3. Umsetzung von Zero Trust
Ältere Schutzmechanismen wie der Perimeterschutz via Firewall sind unzureichend, wenn Daten und Systeme in der Cloud liegen. Stattdessen sind alle Systeme und Endgeräte abzusichern – insbesondere dann, wenn sich Mitarbeitende außerhalb des Firmen-Netzwerks aufhalten, etwa im Homeoffice. Zero Trust muss zur gelebten Maxime werden: „Vertraue niemandem außerhalb und innerhalb deiner Organisation. Und verifiziere jeden.“ Doch Zero Trust ist keine freischaltbare Lösung, sondern ein individuelles Designprinzip, das sorgfältig umzusetzen ist.

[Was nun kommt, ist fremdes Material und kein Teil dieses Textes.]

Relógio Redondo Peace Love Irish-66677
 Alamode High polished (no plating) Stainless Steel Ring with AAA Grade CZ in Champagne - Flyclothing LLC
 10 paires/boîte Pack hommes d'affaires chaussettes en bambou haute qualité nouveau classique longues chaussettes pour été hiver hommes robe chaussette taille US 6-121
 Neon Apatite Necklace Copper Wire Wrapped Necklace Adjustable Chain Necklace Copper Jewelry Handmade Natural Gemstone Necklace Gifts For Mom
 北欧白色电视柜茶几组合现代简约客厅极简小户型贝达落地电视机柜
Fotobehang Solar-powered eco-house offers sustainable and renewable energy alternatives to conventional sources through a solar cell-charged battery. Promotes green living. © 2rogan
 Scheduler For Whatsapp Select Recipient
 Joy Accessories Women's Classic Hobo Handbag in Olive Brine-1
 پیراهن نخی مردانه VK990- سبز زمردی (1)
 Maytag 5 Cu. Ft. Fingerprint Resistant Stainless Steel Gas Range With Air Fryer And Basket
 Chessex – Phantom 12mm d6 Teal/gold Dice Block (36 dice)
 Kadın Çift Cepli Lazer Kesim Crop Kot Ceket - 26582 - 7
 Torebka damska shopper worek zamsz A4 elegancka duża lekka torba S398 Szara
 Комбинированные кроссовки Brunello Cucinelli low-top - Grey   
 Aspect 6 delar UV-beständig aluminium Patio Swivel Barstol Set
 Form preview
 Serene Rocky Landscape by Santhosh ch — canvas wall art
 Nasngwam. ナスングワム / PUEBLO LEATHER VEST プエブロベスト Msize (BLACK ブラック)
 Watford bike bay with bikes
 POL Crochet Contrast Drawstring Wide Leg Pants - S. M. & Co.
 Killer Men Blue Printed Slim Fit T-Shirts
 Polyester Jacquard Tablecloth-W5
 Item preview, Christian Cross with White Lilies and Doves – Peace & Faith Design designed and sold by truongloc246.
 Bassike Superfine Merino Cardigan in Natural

4. Definition von Schutzzielen
Die Multi-Faktor-Authentifizierung ist eines von vielen Schutzzielen. Für die Bereitstellung von SaaS-Lösungen ist ein zweites Authentifizierungsmerkmal an allen Endpoints zu installieren. Dem Assume-Breach-Paradigma zufolge ist die Frage nicht, ob Unternehmen gehackt werden, sondern wann. Mit einer zweiten Identifizierungsstufe – einer SMS, einer App, einem Anruf oder einem Gerät –, lässt sich das Risiko verringern. Zudem empfiehlt sich bei BYOD-Szenarien (Bring Your Own Device) eine Null-Toleranz-Politik: Erfüllen private Endgeräte die Security-Vorgaben nicht, dürfen sie nicht mit dem Netzwerk verbunden sein. Ebenso ist zu überprüfen, ob das Patch Management im Homeoffice wirkungsvoll ist.
Das Asset im Mittelpunkt
Diese Maßnahmen verbindet zwei zentrale Fragen: Was darf mit Assets passieren? Und wer darf das tun? Diese Informationen sind auf einem Control Panel personenbezogen zu hinterlegen, um unautorisierte Zugriffe erkennbar zu machen.
- Wer ist eine Person?
- Welche authentifizierten Geräte nutzt sie?
- In welchem Zustand befindet sich ein Device?
- An welchen Orten hält sich die Person üblicherweise auf?
- In welchem Status befinden sich Konten und Profile der Person?
Ebenso spielt XDR eine große Rolle. XDR ermöglicht, Daten auf Security-Ebenen wie E-Mails, Geräten, Servern, Cloud-Workloads und Netzwerken automatisch zu erfassen und zu korrelieren. So können Firmen Bedrohungen schneller identifizieren und unmittelbar reagieren.
Dialog zwischen IT und Management – Fehlanzeige
Obwohl IT-Abteilungen um diese Aspekte wissen, sind viele Firmen auf dem Security-Auge blind. Manchmal weiß der CEO nicht, wie wichtig Cloud Security für den Geschäftsbetrieb ist. Und IT-Experten gelingt es zuweilen nicht, die Auswirkungen von Cyber-Attacken zu vermitteln: Dringen Hacker in die IT-Infrastruktur eines Industrieunternehmens ein, könnte die Produktion stillstehen – eine Folge, die Unternehmen bei ihren gewinnbringenden Kernprozessen trifft.
Security ist kein IT-Thema
Bei Gesprächen sollte die Technologie zunächst außen vor bleiben. Es geht darum, den Möglichkeiten der Cloud und der Komplexität von Cloud Security bewusst zu begegnen. Ist ein Service in die Cloud zu migrieren, stellt sich die Grundsatzfrage: Soll das bisherige On-Premises-Konzept in der Cloud abgebildet werden – einschließlich Wartung und Updates? Oder wäre es nicht sinnvoller, das digitale Produkt als Software-as-a-Service bereitzustellen und adäquat abzusichern? Wichtig ist der Produktionsbezug. Hängt der Erfolg eines Maschinenbauers daran, dass die Gabelstapler fahren, gibt es ein definiertes Risikomanagement: Die Firma hat fahrtüchtige Ersatzfahrzeuge, hält Wartungstermine ein und bevorratet genügend Schmierstoff. Diese Prozesse sind auf Cloud Security zu übertragen. Dafür müssen Unternehmen gängige Vorurteile ausräumen: Cloud-Sicherheit ist kein IT-Thema. Sie ist zunächst in der Unternehmensstrategie zu verankern und erst dann praktisch umzusetzen.